Notre combat est celui de la fraternité, de l’égalité et de la solidarité entre les peuples et non de l’égoïsme identitaire. De la solidarité internationale et non du racisme d’État.
S’il est une cause à l’échec actuel de la construction européenne dont s’attriste Yvon Toussaint, c’est précisément sa nature essentiellement économique et droitière, son absolu déficit démocratique. La meilleure manière de combattre les replis identitaires et la droite xénophobe, c’est de construire une autre Europe, sociale, solidaire et démocratique. Pour cela, plutôt que de les caricaturer ou de les insulter, il conviendrait de soutenir celles et ceux qui se battent pour une Europe libérée de la dictature des marchés et de l’argent roi.

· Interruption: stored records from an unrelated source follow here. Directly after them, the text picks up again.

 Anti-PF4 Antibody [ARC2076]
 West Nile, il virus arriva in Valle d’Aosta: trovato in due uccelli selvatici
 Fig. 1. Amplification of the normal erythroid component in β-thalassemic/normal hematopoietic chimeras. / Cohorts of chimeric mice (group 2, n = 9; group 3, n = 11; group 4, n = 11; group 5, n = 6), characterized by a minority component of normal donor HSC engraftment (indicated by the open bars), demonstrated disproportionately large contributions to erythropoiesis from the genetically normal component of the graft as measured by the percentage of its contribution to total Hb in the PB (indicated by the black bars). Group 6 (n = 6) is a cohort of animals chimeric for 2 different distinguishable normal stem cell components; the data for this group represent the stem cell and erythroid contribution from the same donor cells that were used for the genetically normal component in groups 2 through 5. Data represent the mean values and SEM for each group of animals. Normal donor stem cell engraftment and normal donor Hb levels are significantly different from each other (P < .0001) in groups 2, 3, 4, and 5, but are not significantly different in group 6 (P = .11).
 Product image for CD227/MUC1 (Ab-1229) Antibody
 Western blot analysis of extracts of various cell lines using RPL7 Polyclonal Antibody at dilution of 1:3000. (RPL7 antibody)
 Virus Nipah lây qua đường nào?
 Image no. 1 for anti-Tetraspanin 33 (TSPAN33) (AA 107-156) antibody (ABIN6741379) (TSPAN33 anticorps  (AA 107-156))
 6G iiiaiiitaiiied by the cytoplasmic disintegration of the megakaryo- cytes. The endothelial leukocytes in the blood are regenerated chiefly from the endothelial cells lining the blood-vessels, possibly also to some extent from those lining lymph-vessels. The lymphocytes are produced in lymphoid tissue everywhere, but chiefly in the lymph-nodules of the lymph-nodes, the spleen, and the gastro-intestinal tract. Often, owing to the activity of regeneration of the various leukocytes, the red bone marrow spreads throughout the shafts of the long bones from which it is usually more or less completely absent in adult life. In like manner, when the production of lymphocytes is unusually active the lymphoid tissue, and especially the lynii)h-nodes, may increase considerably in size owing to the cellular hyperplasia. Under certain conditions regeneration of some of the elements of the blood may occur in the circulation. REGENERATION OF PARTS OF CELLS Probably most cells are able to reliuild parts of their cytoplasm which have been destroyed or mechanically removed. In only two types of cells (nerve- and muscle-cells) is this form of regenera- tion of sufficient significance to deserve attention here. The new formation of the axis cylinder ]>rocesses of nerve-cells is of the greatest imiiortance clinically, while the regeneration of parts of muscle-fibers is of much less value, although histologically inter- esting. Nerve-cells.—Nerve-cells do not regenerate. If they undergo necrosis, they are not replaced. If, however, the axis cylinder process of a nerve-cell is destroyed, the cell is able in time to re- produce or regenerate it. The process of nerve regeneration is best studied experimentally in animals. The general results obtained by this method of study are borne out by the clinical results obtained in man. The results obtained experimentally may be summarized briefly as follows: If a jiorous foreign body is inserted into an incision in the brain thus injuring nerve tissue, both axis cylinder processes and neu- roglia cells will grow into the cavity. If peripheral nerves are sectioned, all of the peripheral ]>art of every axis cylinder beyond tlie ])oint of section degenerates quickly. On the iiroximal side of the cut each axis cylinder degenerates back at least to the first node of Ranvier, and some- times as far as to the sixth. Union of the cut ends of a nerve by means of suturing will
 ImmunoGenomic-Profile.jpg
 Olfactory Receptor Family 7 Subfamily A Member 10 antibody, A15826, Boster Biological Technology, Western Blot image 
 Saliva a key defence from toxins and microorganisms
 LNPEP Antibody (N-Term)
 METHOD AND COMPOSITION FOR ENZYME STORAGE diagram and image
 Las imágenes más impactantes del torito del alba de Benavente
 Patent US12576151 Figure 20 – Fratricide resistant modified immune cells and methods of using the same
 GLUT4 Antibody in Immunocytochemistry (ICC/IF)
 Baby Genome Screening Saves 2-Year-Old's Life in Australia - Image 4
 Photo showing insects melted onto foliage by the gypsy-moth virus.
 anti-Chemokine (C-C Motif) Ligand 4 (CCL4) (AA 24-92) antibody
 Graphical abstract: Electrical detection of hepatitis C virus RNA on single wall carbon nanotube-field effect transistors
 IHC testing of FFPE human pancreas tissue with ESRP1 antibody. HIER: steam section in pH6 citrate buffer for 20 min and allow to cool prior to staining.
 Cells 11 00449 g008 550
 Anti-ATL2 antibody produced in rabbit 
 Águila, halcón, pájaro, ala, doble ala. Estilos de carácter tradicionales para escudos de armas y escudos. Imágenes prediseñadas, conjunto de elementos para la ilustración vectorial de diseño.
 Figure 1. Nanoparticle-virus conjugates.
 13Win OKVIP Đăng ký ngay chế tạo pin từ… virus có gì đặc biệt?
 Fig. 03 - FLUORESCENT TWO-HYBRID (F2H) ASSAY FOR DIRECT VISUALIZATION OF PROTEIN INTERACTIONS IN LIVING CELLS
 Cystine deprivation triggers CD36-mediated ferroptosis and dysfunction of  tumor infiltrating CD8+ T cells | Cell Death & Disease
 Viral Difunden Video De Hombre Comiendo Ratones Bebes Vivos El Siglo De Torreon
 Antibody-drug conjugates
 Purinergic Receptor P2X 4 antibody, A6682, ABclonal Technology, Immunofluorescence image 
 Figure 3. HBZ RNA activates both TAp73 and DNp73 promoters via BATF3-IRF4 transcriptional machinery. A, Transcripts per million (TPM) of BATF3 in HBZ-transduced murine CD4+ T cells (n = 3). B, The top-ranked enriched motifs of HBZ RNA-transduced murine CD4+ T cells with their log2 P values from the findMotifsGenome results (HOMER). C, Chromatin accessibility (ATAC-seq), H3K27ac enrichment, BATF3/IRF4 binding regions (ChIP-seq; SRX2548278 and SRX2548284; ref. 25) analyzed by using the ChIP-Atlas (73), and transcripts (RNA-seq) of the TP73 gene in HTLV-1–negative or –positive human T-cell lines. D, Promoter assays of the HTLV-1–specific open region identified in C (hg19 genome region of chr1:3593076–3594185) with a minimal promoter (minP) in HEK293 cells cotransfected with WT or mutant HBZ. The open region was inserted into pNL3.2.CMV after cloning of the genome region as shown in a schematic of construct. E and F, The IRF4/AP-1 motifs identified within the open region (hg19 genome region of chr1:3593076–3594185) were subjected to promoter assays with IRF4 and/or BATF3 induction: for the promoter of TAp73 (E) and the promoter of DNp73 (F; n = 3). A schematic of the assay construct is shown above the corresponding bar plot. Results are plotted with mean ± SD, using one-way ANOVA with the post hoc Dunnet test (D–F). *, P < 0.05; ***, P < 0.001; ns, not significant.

(*) Premiers signataires : Thierry Bodson, secrétaire général de la FGTB wallonne ; Yannick Bovy, journaliste ; Didier Brissa, membre du collectif Le Ressort ; Fabrizio Bucella, conseiller communal PS, Ixelles ; Jean-Marie Chauvier, journaliste ; Jean Cornil, ancien parlementaire PS ; Nico Cué, secrétaire général des métallos Wallonie-Bruxelles FGTB ; Vincent Decroly, ancien parlementaire Écolo ; Céline Delforge, députée bruxelloise Écolo ; Paul Delmotte, enseignant ; Jean Delval, Éditions du Cerisier ; Jean-Marie Dermagne, avocat ; Egidio Di Panfilo, secrétaire général du Setca Liège ; Josy Dubié, sénateur honoraire ; Xavier Dupret, chercheur en économie ; Pascal Durand, professeur d’université ; Pierre Eyben, porte-parole du PC Wallonie-Bruxelles ; Corinne Gobin, politologue ULB ; Giovanni Lentini, FGTB wallonne ; Gilles Martin, Éditions Aden ; Jean-Pierre Michiels, président de l’ACCJ ; Jean-Pierre Nossent, président de l’Ihoes ; Daniel Richard, secrétaire régional FGTB Verviers ; François Schreuer, militant de gauche ; Claude Semal, artiste ; Olivier Starquit, Amis du Monde diplomatique Liège ; Christiane Stefanski, chanteuse ; Annick Stevens, professeur de philosophie et militante anarchiste ; Alain Van Praet, militant syndical CSC.